Amy
Jornal O Estado do Maranhão
Há persistente mito na cultura de massas do mundo ocidental, essa que nos trucida diariamente com toneladas de breguice no rádio, na televisão, nas revistas de fofocas, nos tabloides britânicos e em outras mídias, bem como nos satura com os tristes espetáculos de pessoas desorientadas existencialmente, alimento da indústria de autoajuda, exemplarmente personificada na produção dos livros de Paulo Coelho e assemelhados, há um mito, eu dizia, de que o talento artístico é, relativamente a seu possuidor, uma inescapável maldição dos deuses, ditadores de sentenças como esta: te demos essa habilidade, mas exigimos retorno em termos infelicidade. Um falso pacto fáustico.
O alcoolismo dos ídolos e o vício em outras drogas perigosíssimas, passam, por meio de um mecanismo de racionalização, culpabilização e de ideologização, à categoria de contestação aos "valores burgueses” e de desprezo pelos valores éticos universais de respeito à vida e valorização da ética do trabalho. A culpa não é nem de Fausto nem de quem teve vendida a alma antes de nascer, mas do “sistema”. Isso é bastante evidente, por exemplo, na área musical, campo propício à veneração inconsequente de astros populares pelas massas sem rumo e em busca desordenada de princípios morais a que se agarrar. Elas se dedicam a endeusar seus ídolos, não pelos méritos estéticos da “obra” deles, mas por suas atitudes ditas rebeldes e contestatórias de “tudo isso que aí está”.
Estas considerações me ocorrem agora a respeito da morte da cantora inglesa Amy Winehouse, encontrada morta em seu apartamento em Londres, de causas não ainda não determinadas pelos legistas ingleses, mas certamente ligadas ao megaconsumo de álcool e de drogas de vários tipos. Se não foi por excesso, foi por falta delas, levando Amy, afirmam seus pais, a uma síndrome de abstinência fatal para ela, dona de um organismo dependente de produtos químicos.

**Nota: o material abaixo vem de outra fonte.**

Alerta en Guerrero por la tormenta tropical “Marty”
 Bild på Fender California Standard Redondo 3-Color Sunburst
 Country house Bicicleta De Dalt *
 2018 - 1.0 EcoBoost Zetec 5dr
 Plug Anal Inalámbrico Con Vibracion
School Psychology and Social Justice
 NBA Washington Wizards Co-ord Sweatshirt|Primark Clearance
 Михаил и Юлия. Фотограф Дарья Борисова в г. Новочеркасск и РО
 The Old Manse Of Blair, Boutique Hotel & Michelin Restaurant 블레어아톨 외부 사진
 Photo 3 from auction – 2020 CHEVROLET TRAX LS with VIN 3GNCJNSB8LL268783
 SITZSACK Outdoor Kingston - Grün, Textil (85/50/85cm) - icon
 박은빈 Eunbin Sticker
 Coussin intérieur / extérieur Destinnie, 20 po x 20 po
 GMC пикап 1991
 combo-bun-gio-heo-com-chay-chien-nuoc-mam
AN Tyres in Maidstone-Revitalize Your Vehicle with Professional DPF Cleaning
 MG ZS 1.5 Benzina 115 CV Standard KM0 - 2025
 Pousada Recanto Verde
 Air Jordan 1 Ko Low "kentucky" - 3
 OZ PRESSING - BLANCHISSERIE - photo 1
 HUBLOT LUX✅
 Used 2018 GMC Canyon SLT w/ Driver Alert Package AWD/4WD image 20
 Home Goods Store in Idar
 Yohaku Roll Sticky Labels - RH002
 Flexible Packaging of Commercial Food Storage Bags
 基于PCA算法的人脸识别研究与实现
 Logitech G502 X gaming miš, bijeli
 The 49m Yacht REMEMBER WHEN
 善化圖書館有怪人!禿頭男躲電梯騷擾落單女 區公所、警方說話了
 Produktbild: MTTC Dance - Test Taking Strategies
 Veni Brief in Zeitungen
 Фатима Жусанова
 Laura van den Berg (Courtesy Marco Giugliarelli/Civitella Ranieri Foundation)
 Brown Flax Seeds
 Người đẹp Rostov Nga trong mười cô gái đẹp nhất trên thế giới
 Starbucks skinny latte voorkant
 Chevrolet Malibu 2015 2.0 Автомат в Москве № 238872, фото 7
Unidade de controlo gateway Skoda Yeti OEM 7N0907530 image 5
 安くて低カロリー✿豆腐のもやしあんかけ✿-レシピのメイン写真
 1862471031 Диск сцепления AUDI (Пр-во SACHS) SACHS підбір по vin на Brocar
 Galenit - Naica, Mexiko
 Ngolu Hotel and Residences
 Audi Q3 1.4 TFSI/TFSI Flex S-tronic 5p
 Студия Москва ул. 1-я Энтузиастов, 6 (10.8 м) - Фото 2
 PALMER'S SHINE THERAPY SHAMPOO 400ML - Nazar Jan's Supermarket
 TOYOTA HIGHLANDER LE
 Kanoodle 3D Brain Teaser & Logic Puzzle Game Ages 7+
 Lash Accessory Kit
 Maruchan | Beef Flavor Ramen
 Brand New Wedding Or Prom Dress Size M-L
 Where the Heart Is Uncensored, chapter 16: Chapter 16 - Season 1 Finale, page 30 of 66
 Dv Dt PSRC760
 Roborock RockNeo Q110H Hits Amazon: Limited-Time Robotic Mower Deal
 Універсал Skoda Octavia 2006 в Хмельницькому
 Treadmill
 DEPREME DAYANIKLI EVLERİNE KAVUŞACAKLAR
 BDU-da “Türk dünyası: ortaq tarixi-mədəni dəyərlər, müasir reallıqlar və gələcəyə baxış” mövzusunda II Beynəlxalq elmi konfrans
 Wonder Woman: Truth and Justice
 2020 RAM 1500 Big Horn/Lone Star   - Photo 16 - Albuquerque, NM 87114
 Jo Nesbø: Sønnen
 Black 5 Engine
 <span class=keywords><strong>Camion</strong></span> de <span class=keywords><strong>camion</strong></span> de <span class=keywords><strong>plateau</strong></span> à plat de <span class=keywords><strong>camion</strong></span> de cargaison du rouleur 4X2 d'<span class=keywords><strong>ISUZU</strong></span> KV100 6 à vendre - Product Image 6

Deixe-me mencionar, caro leitor, minha própria avaliação da cantora: em sua curta carreira ela foi uma artista de grande e original talento. Na primeira vez que ouvi uma de suas canções, Rehab, pensei em alguma cantora afro-americana, pelo timbre de sua voz e o modo característico de interpretação da música negra, ao estilo da feita nos Estados Unidos. Aliás, entre as muitas coisas boas produzidas por aquele país está sua música: jazz, soul, rhythm and blues, etc. Durante os poucos anos da presença de Amy na cena musical mundial, ela provocou um reviver do soul, a despeito de não ser americana nem morar nos Estados Unidos, numa área com muita gente competente, talentosa e competitiva.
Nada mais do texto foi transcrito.